Temperature and Nucleus Sampling (Top P)
Temperature Scaling
Temperature divides the raw model scores (logits) before converting to probabilities. If token A has logit 2.0 and token B has logit 1.0, the probability ratio depends on temperature. At temperature 1.0, standard probabilities apply. Lower temperature sharpens the distribution; higher temperature flattens it.
Temperature 0.5: Divide logits by 0.5 (multiply by 2). The gap between A and B doubles. A becomes more dominant. Output becomes more deterministic and predictable.
Temperature 2.0: Divide logits by 2. The gap shrinks. Lower probability tokens get more chance. Output becomes more random and creative, but also more likely to produce nonsense.
Nucleus Sampling (Top P)
Instead of a fixed number of candidates, nucleus sampling keeps tokens until their cumulative probability reaches threshold P. If P=0.9, keep adding tokens (highest first) until they sum to 90% probability, then sample only from that set.

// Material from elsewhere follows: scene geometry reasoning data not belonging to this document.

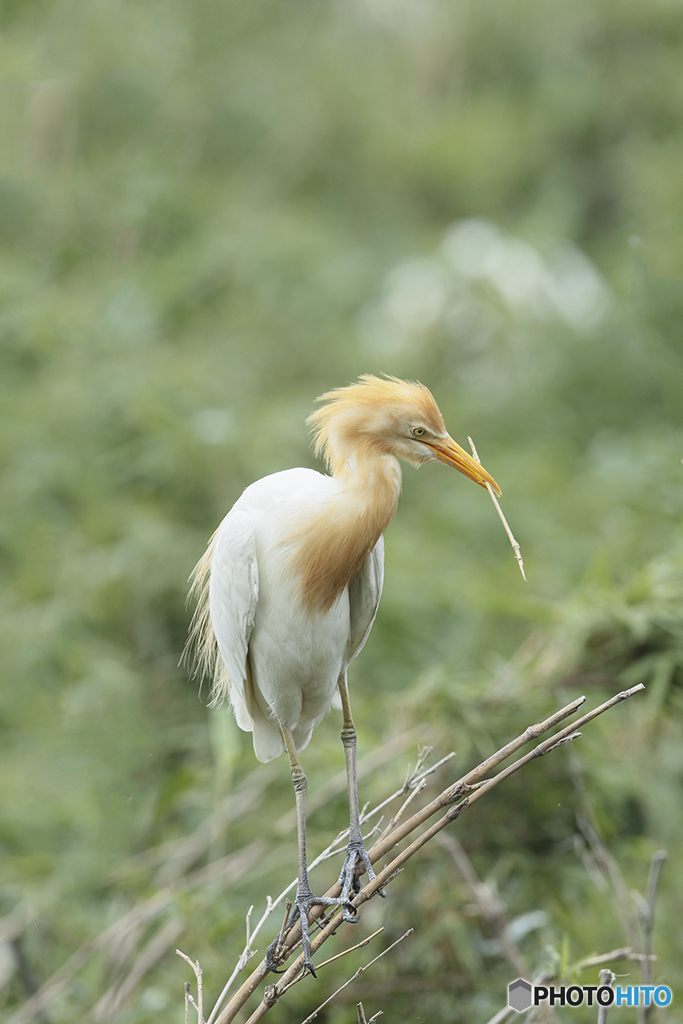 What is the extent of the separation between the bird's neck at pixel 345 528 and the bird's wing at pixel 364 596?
9 centimetres

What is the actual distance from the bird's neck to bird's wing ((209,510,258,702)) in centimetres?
6

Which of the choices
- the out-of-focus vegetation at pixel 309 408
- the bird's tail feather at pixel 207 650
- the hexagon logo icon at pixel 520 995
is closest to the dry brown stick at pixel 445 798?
the bird's tail feather at pixel 207 650

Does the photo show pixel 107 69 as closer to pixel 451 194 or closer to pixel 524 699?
pixel 451 194

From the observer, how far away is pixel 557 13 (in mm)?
7160

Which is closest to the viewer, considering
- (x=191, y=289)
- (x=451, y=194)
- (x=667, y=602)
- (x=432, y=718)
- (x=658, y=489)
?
(x=667, y=602)

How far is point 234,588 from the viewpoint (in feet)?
2.95

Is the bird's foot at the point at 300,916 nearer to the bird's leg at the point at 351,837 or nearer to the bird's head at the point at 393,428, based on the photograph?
the bird's leg at the point at 351,837

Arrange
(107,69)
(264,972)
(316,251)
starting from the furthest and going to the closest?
(316,251) → (107,69) → (264,972)

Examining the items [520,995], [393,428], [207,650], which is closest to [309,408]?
[207,650]

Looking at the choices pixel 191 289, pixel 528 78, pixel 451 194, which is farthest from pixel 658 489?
pixel 528 78

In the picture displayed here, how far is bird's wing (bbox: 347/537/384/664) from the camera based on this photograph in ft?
3.13

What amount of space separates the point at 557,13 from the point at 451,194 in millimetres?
2210

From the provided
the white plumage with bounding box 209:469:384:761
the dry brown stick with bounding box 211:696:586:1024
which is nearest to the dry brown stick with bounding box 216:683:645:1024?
the dry brown stick with bounding box 211:696:586:1024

Why this works: The number of reasonable next tokens varies by context. After "The capital of France is" only 1-2 tokens make sense. After "I feel" dozens might work. Top P adapts automatically: tight distributions yield few candidates, flat distributions yield many.
Practical Settings
Using both together: temperature reshapes probabilities first, then top_p filters. Temperature 0.7 with top_p 0.9 gives controlled creativity: slightly sharper distribution, filtered to reasonable options.